El oficial grita: «¡Preparen…!». A Lacú le golpea enloquecidamente el corazón. Ha visto morir a los hombres, pero esta forma de matar a un hombre en lo que parece una fiesta le impresiona singularmente, le subleva íntimamente, El oficial grita: «¡Apunten…!». Entonces el hombre se arranca la venda de los ojos, de un manotazo se rasga la camisa y golpeándose el pecho con el puño, grita a su vez. La voz llega nítida y conocida a los oídos de Lacú:

—¡Disparen aquí, cobardes…! ¡Adiós, mamá…! ¡Viva el Paraguay…!

Cuando llegó a Lacú el grito estentóreo de su hermano, la descarga cerrada del pelotón se anuda a su última palabra.
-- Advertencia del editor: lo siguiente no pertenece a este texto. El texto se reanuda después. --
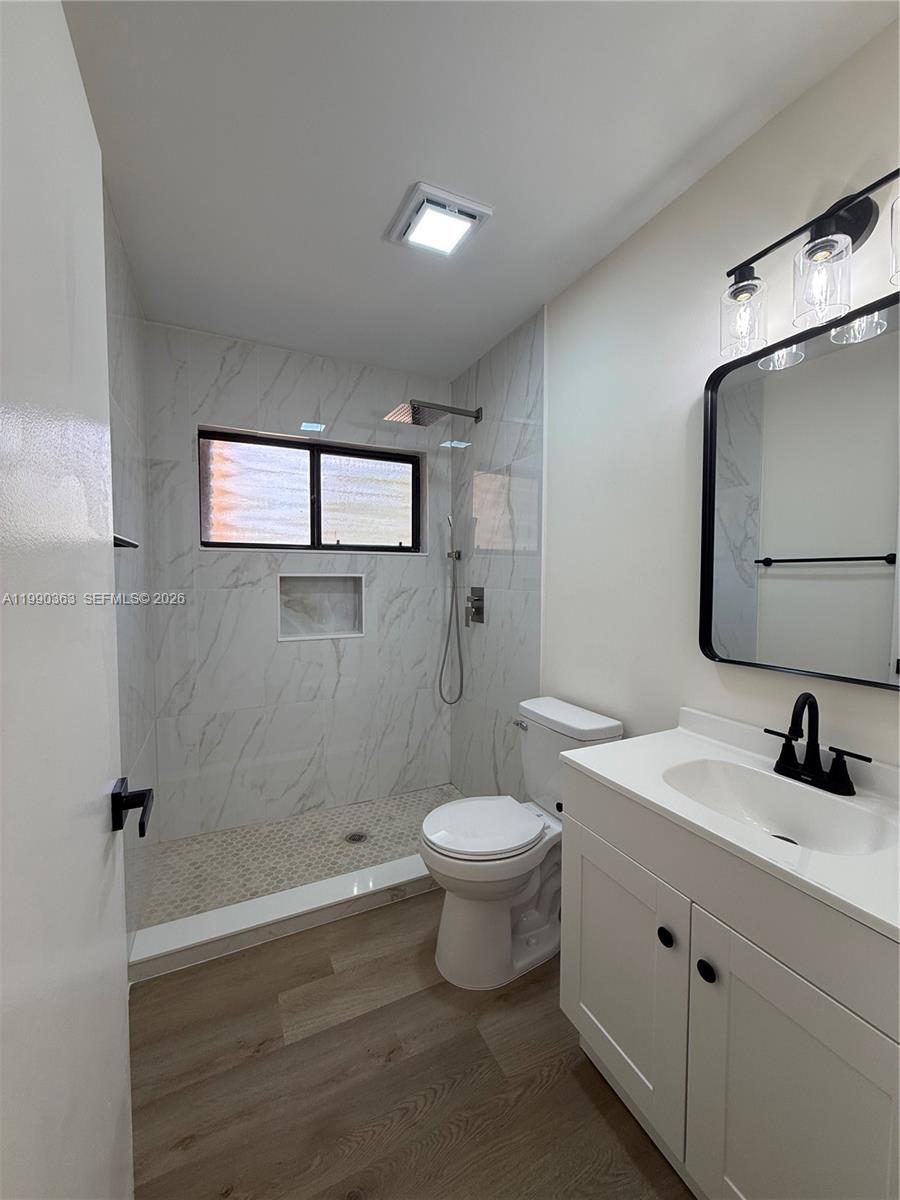 9596 Everglades Park Ln Boca Raton, FL 33428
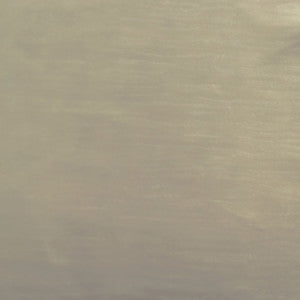 Freedom Cream by Europatex Designer Fabric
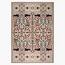 سجادة - مي - 150x230 سم-InfluencerCodes_Ramadan26_All_20012026-image-8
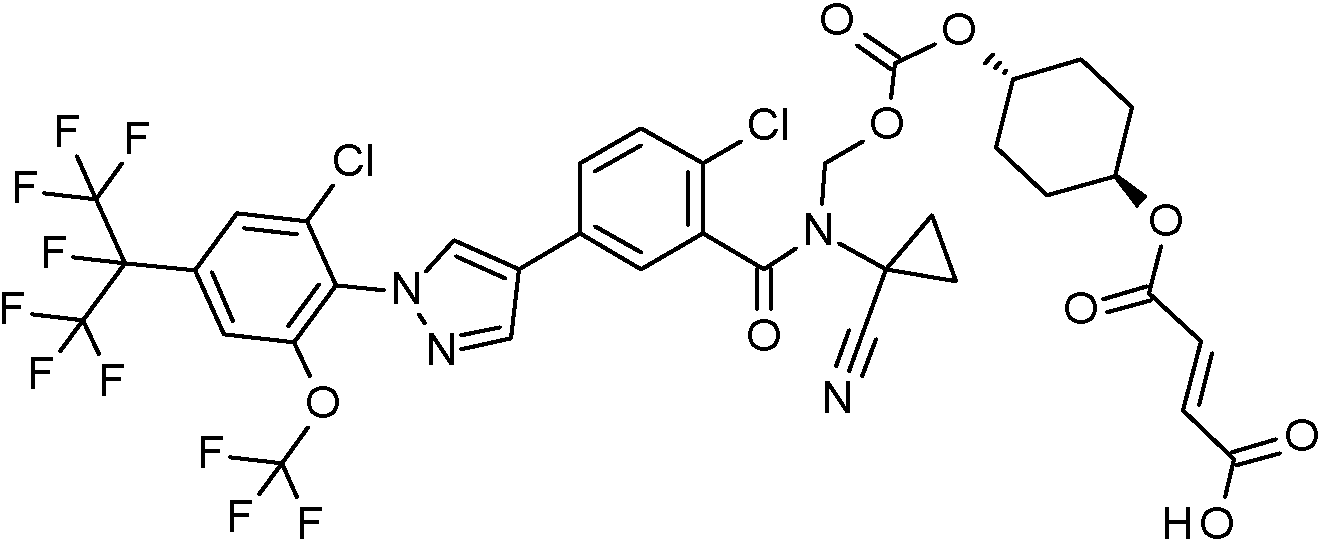 Figure imgf000084_0002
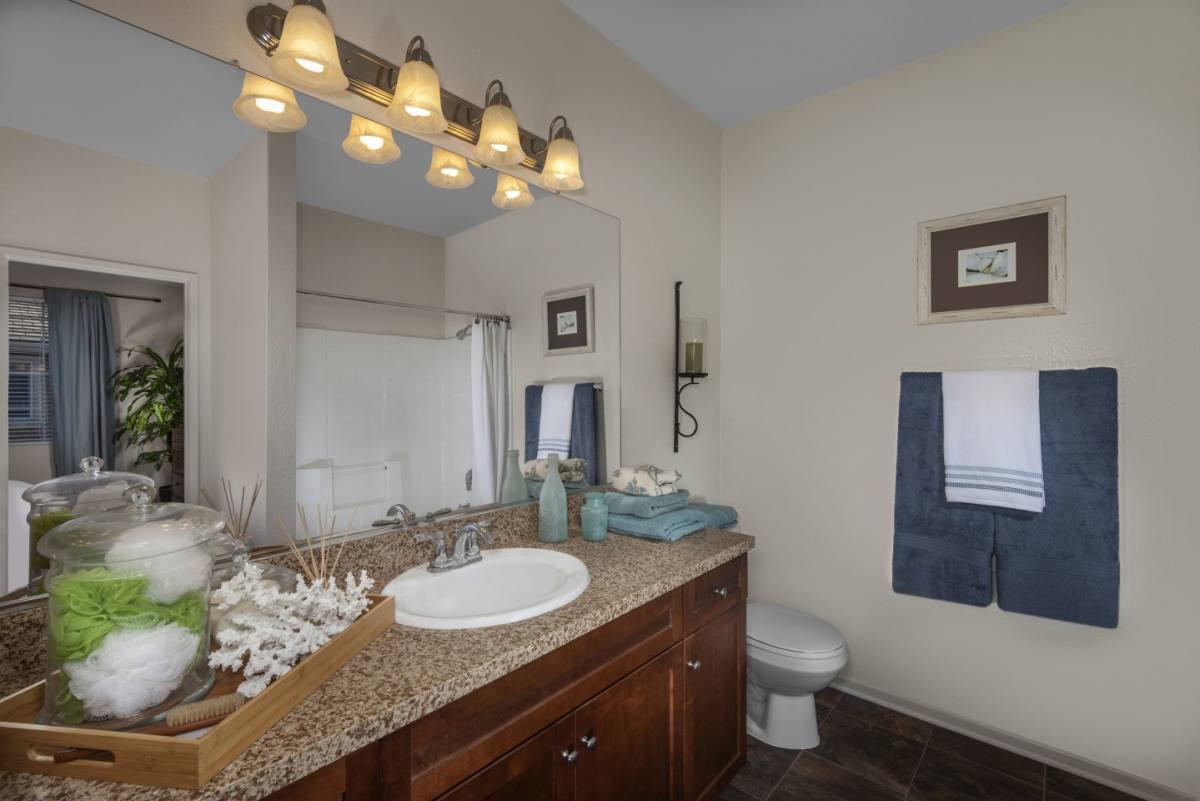Townhouse for rent at Homecoming at Eastvale, 5464 W Homecoming Circle, Mira Loma, CA 91752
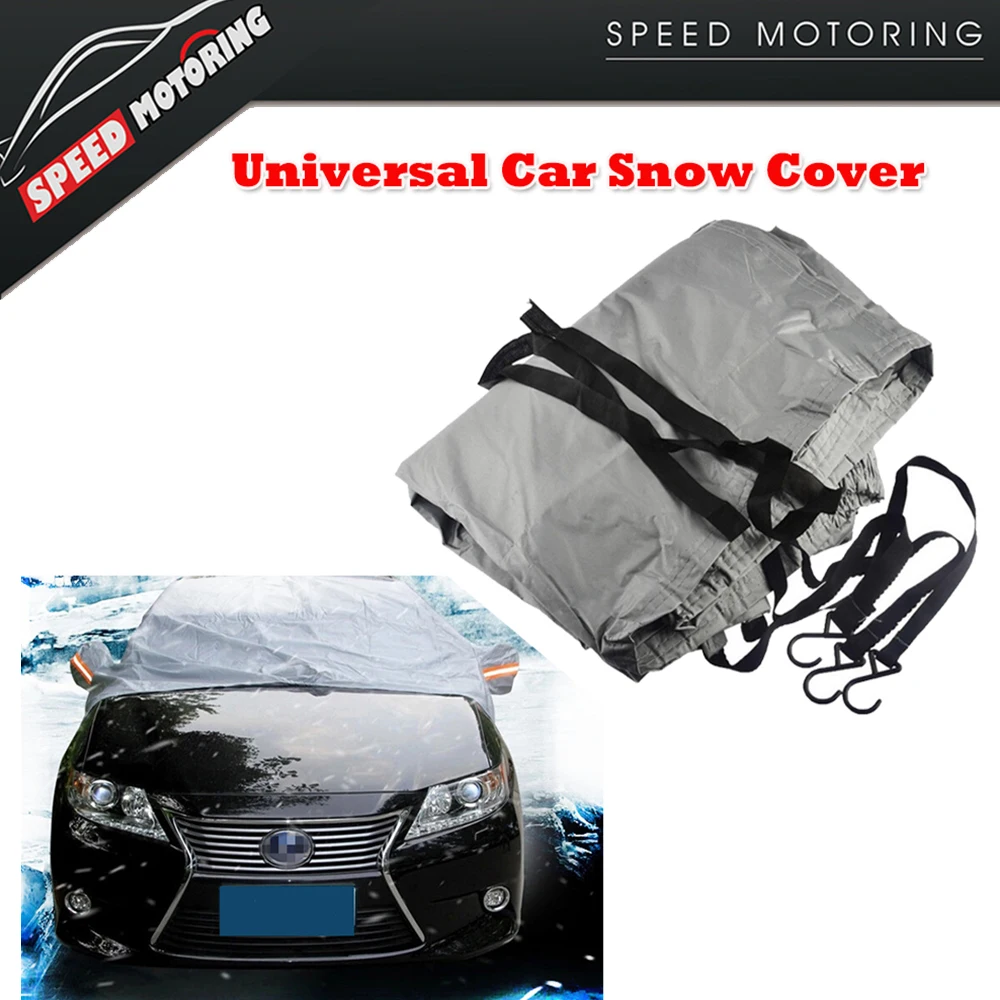 ar Half Cover Windshield Sun Shade Waterproof Winter Snow Shield Anti-UV Covers Auto Front Windscreen Rain Frost Sunshade
ar Half Cover Windshield Sun Shade Waterproof Winter Snow Shield Anti-UV Covers Auto Front Windscreen Rain Frost Sunshade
Por un instante todavía ve el pecho desnudo de su hermano, bronceado por la luz creciente del alba. Después lo ve desplumarse como un muñeco, mientras él se precipita hacia el Bajo por entre las hendiduras de la barranca.

Solo Sevo’í permanece tranquilo sobre los yuyos, con los ojos abiertos, inmóvil y apacible, como si flotara fuera del mundo. Un segundo antes de dispararse por los fusiles del pelotón la descarga también lo ha fulminado a él.

Tiene los puños cerrados sobre la tosca rojiza. Y su actitud es como si recordara.